For this task we need an algorithm that allows us to go from point A and reach point Z in the shortest possible time. Although it seems simple, it isn’t. If the driver follows path $P = (v_1, v_2, \ldots, v_n)$, formed by a sequence of nodes, they can arrive at a given time $T$. However, to know whether this is the fastest route, they would first need to know the time of all possible paths.

Consider that each node in the route has $k = 10$ connections. The total number of paths grows exponentially: at each new depth level $n$ in the search, there are up to $k^n = 10^n$ possible paths to explore. With just 3 levels, that’s already 1,000 combinations; with 6 levels, we reach 1,000,000. In practice, since each connection leads to new nodes indefinitely, the search space grows without limit — making the brute-force approach computationally infeasible.

This would definitely not be fast or productive. The driver would follow path $(v_1, v_2, \ldots)$ and then $(u_1, u_2, \ldots)$, exhausting all combinations before even leaving the spot — and would still only be in the mapping phase. For this to work, they would need a complete map of the city with travel times for each route, which would already require excluding dynamic variables like traffic, making the result only a static approximation of reality.

Well, you might suppose that, if they have a map, they might know the distance between points A and Z, and that based on this they can metrically calculate the nearest kilometer. But here, it is necessary to understand that ordinary roads do not estimate time in kilometers — although they may be 2 km from their destination, they will still depend on the city’s routes and the availability of those routes. They may have to cross a stream along the way, and take a new, longer route.
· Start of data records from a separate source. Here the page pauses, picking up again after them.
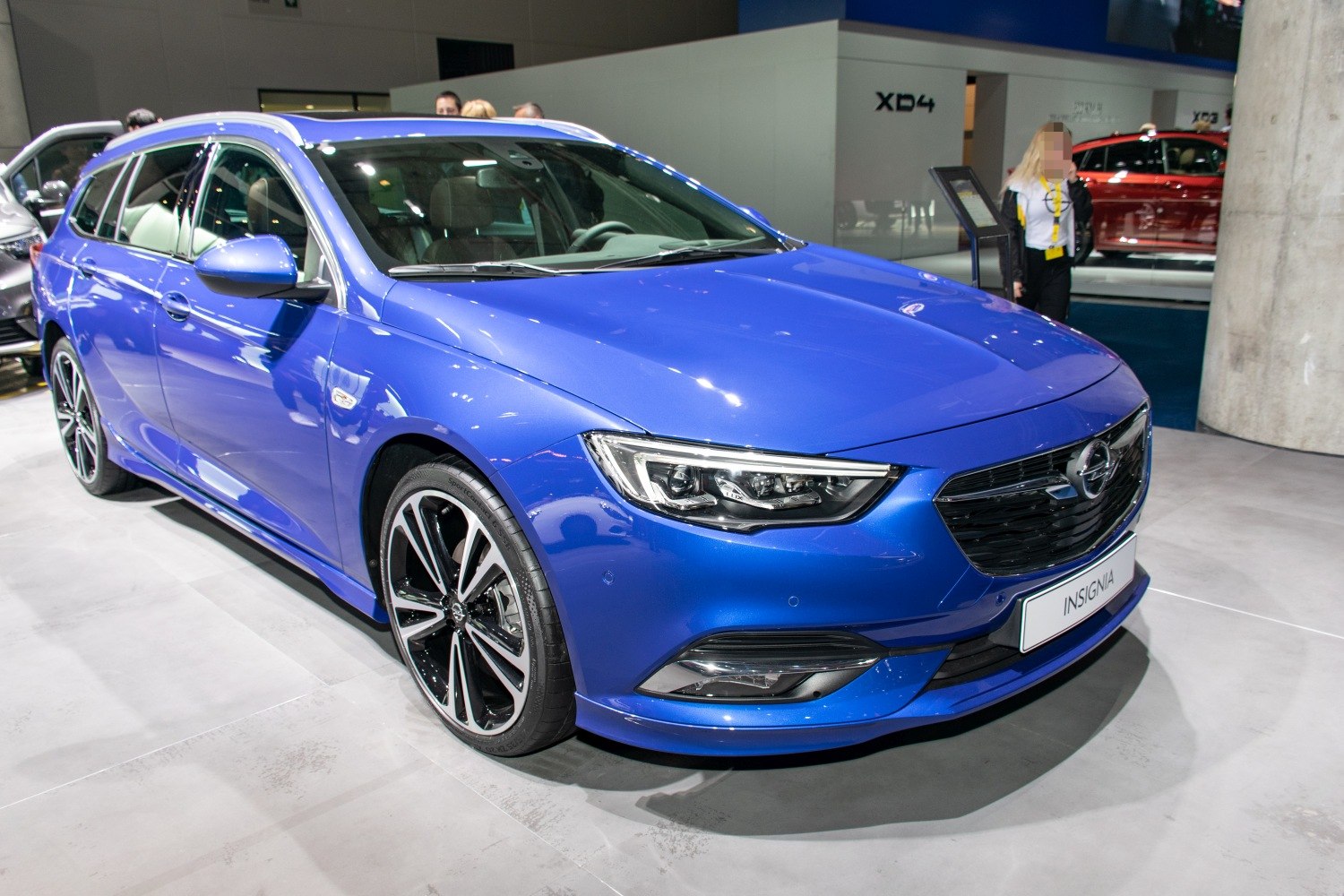 Sleek front fascia and sporty alloy wheels on a blue vehicle
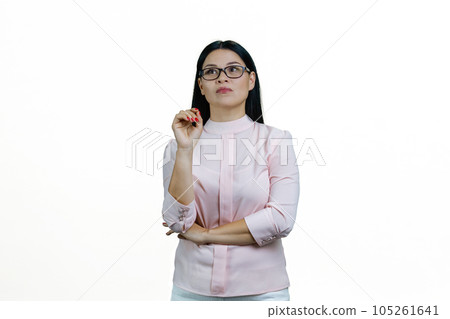Portrait of smart asian businesswoman thinking about something. Isolated on white background. Portrait of smart asian businesswoman thinking about something. Isolated on white background. 105261641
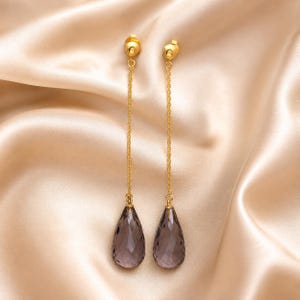 May include: A pair of gold-colored drop earrings with a teardrop-shaped, faceted, smoky quartz gemstone. The earrings hang from a small gold ball and chain. The background is a satin fabric.
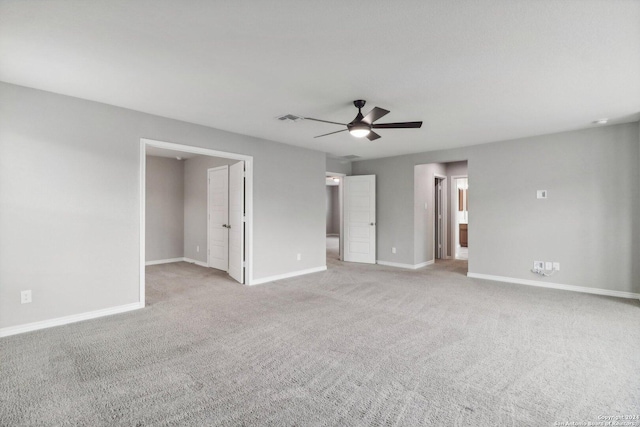 15006 Tethys Way, San Antonio, TX 78245 - unfurnished bedroom with light carpet, baseboards, ensuite bath, and ceiling fan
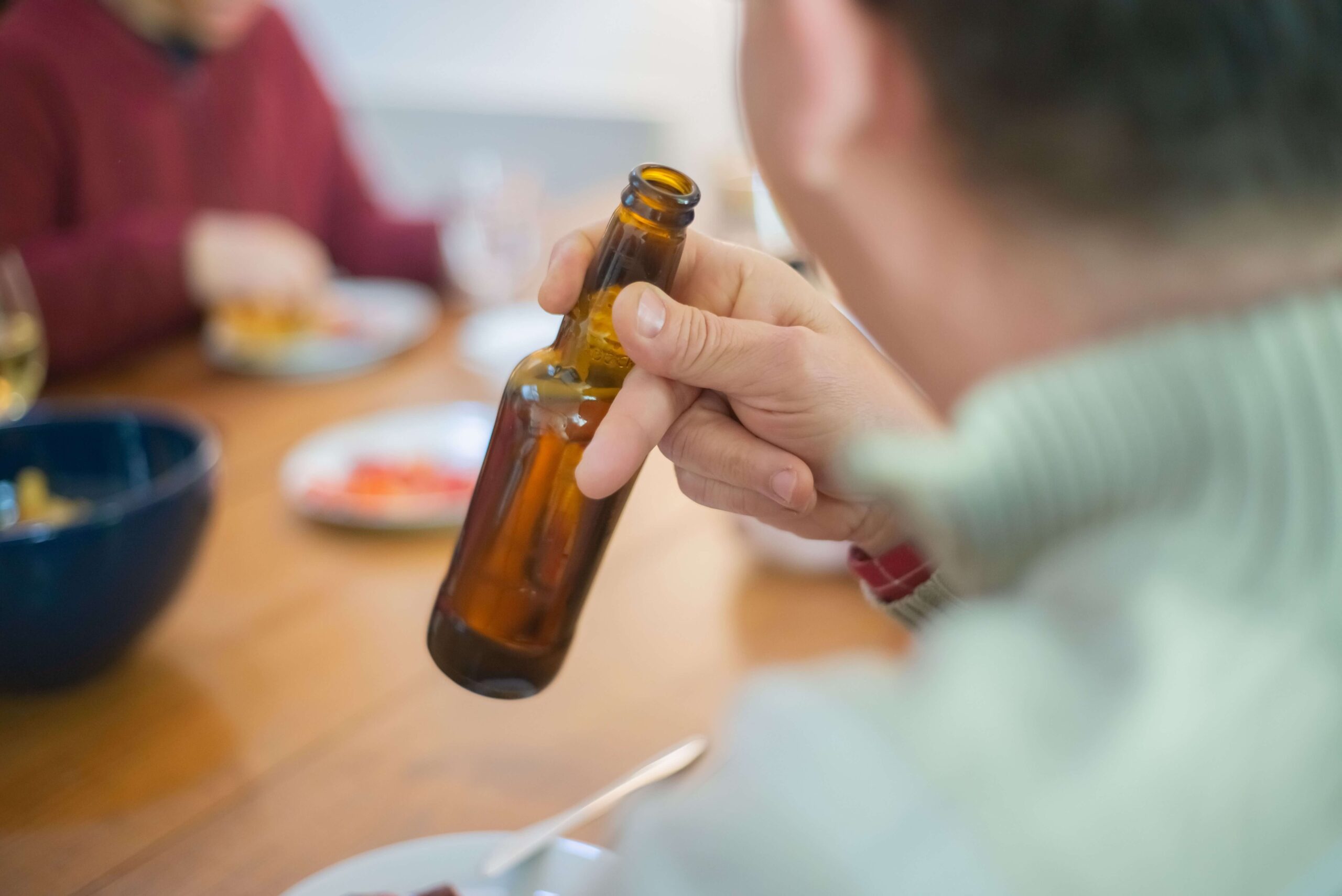 Person holding a beer bottle while drinking with others, highlighting the challenges of staying sober when your partner still drinks.
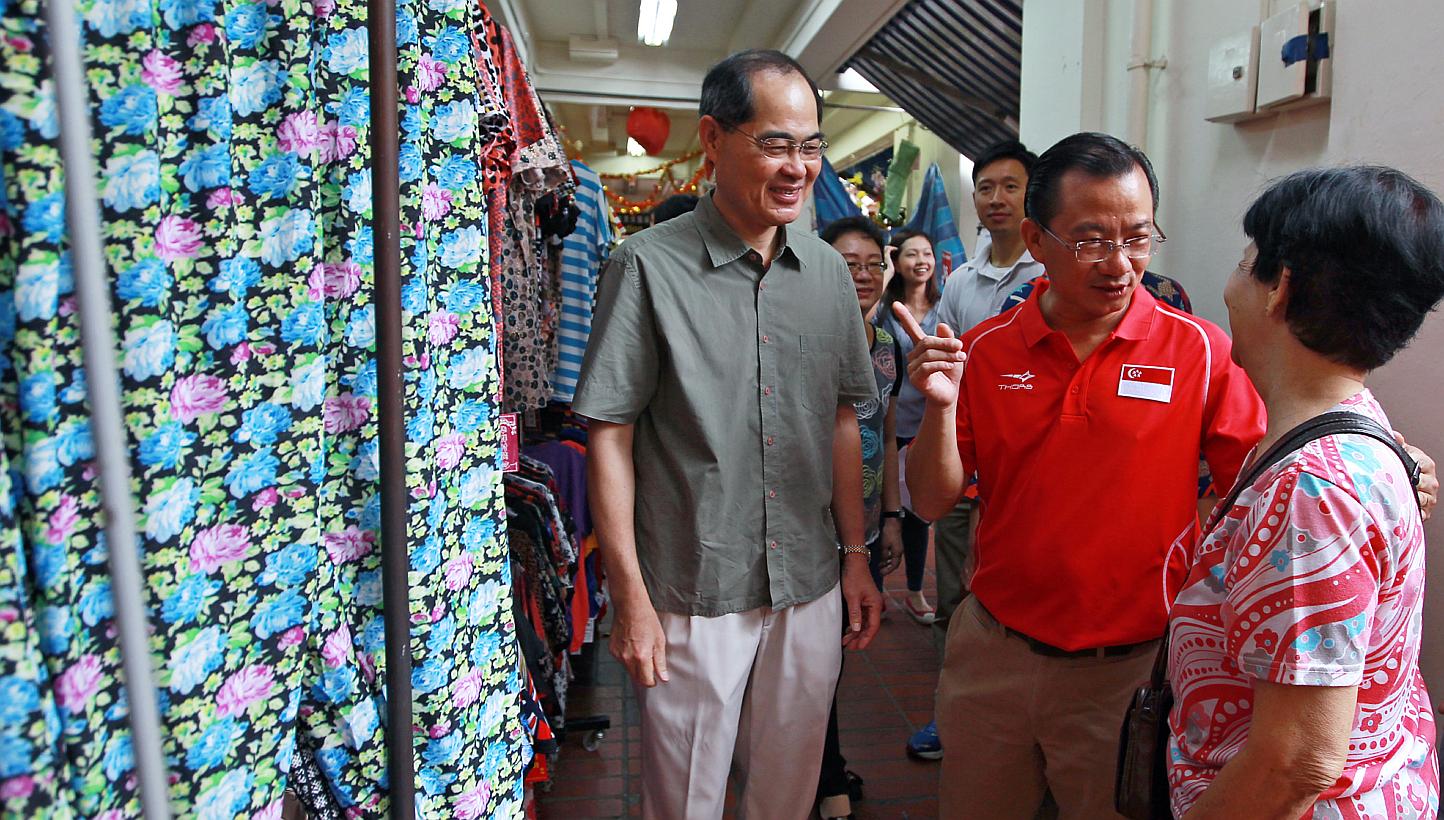 Minister for Trade and Industry Lim Hng Kiang (left) and&nbsp;Marine Parade GRC MP Seah Kian Peng (in red) speaking to a resident during a visit to Braddell Heights on Feb 1, 2015. -- PHOTO:&nbsp;LIANHE ZAOBAO&nbsp;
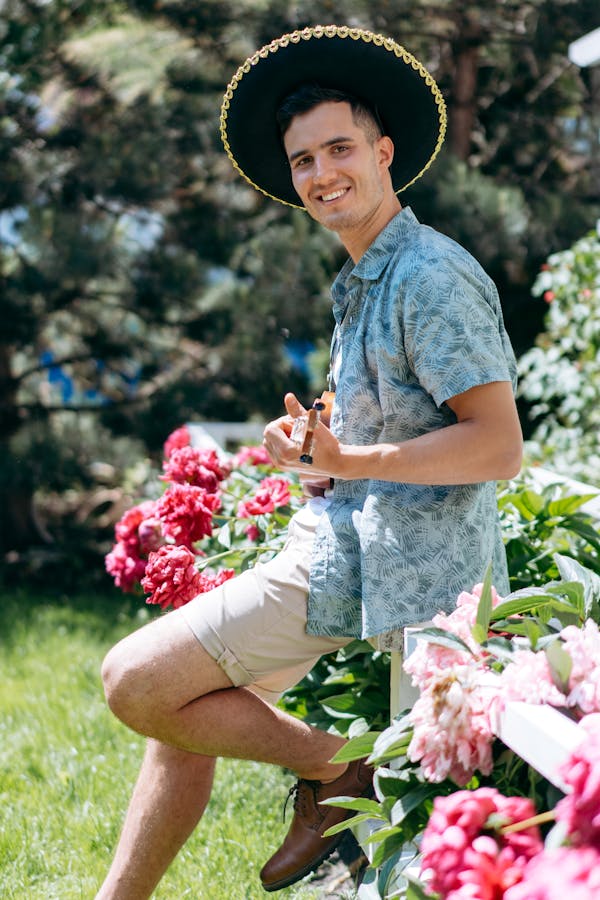 A Young Man Wearing Sombrero Sitting on Wooden Fence with Flowers
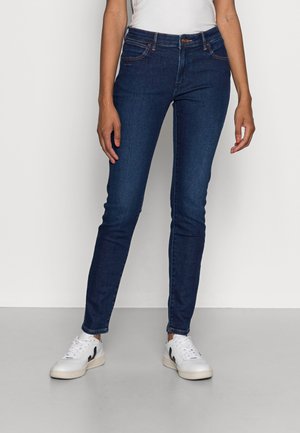 Persona con vaqueros ajustados azul oscuro y zapatillas blancas, de pie contra un fondo liso y claro.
Time and cost are defined in different ways, and, although even the driver may not know it, the cost of a path is formally defined as:

\text{total cost} = \sum_{(u,v) \in P} w(u, v)

where $w(u, v)$ represents the weight associated with the edge between nodes $u$ and $v$.

Having understood the problem, we need to understand where the solution was born, how it emerged, and, most importantly, its algorithmic and mathematical foundations.

Dijkstra’s Algorithm

“What is the shortest way to travel from Rotterdam to Groningen, in general: from a given city to a given city. It is the algorithm for the shortest path, which I designed in about twenty minutes. One morning I was shopping in Amsterdam with my young fiancée, and tired, we sat down on the café terrace to drink a cup of coffee and I was just thinking about whether I could do this, and I then designed the algorithm for the shortest path. As I said, it was a twenty-minute invention. In fact, it was published in 1959, three years later. The publication is still readable; it is, in fact, quite nice. One of the reasons that it is so nice was that I designed it without pencil and paper. I learned later that one of the advantages of designing without pencil and paper is that you are almost forced to avoid all avoidable complexities. Eventually, that algorithm became, to my great amazement, one of the cornerstones of my fame.” — Edsger W. Dijkstra, in an interview with Philip L. Frana, Communications of the ACM, 2001 [1]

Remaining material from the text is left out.